Supplied records Start Marker

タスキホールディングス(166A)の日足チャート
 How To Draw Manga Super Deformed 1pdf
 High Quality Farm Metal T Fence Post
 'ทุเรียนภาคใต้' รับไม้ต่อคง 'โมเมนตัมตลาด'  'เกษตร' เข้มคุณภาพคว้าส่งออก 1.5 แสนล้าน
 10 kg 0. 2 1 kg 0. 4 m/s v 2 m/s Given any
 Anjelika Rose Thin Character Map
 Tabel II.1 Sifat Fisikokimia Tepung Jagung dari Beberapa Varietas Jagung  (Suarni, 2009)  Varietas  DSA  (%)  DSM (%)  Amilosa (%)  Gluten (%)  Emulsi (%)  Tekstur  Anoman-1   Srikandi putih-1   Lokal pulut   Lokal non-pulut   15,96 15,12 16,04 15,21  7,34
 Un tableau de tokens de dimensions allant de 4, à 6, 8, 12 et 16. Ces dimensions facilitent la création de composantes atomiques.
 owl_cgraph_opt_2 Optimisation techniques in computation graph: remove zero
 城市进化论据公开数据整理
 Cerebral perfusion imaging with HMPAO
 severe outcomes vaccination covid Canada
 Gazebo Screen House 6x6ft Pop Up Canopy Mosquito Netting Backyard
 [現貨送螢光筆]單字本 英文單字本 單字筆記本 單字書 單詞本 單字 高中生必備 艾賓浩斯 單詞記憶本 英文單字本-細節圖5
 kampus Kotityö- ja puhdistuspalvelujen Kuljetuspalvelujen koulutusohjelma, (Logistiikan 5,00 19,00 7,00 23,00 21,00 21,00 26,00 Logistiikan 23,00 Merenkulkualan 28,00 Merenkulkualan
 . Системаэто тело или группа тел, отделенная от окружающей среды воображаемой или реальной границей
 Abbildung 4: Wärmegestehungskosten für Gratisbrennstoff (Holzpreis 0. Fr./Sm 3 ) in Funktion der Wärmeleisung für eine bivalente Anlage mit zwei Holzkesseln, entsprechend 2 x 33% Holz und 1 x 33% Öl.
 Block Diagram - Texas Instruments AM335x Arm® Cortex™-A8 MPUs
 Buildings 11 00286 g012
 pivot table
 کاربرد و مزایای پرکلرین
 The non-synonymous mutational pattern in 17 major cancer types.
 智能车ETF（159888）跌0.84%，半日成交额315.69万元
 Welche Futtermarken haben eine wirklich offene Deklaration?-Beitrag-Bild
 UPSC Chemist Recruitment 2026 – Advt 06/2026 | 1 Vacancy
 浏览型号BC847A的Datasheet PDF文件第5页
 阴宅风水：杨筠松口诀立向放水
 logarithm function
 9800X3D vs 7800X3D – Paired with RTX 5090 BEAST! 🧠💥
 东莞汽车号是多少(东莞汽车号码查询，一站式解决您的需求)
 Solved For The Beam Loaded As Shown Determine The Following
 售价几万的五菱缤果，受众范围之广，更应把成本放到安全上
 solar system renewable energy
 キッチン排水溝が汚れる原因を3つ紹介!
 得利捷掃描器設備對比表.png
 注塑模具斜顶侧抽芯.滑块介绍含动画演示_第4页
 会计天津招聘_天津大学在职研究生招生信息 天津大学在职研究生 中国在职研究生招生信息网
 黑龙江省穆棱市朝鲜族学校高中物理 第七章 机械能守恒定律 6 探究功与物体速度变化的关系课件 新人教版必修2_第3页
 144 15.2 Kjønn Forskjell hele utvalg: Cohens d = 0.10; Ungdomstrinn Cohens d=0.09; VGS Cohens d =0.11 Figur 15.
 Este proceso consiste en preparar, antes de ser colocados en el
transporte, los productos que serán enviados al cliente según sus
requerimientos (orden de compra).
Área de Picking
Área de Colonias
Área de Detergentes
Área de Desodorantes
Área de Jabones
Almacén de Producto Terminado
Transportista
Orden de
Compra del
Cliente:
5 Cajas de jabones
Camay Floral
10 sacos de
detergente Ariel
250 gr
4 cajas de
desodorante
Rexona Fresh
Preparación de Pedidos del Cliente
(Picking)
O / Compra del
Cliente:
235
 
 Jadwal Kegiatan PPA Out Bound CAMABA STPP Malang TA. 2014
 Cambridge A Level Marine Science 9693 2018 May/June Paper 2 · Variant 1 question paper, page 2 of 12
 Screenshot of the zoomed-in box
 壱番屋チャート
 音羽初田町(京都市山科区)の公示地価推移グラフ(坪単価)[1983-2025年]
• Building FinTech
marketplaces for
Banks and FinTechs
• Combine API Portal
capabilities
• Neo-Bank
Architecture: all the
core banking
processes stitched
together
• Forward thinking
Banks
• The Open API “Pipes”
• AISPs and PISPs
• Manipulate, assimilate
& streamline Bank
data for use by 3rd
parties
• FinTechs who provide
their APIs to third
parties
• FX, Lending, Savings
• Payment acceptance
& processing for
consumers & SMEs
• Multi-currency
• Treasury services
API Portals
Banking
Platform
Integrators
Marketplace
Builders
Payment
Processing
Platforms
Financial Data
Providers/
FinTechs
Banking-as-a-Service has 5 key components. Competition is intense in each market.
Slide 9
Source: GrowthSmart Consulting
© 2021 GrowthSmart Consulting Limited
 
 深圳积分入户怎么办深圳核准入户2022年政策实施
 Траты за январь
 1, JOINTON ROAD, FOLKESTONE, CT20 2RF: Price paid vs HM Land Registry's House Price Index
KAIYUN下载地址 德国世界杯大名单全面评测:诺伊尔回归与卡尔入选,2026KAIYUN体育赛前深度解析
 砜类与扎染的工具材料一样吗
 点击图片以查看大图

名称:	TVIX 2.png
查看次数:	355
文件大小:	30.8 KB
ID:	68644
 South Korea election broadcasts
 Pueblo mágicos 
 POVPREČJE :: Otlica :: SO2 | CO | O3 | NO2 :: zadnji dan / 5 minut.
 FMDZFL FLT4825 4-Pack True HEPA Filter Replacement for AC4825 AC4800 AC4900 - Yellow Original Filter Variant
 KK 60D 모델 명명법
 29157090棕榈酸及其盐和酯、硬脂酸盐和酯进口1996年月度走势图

Supplied records End Marker

Work required
Look above for every line with the word "eine" and copy it.

Written solution
 Abbildung 4: Wärmegestehungskosten für Gratisbrennstoff (Holzpreis 0. Fr./Sm 3 ) in Funktion der Wärmeleisung für eine bivalente Anlage mit zwei Holzkesseln, entsprechend 2 x 33% Holz und 1 x 33% Öl.
 Welche Futtermarken haben eine wirklich offene Deklaration?-Beitrag-Bild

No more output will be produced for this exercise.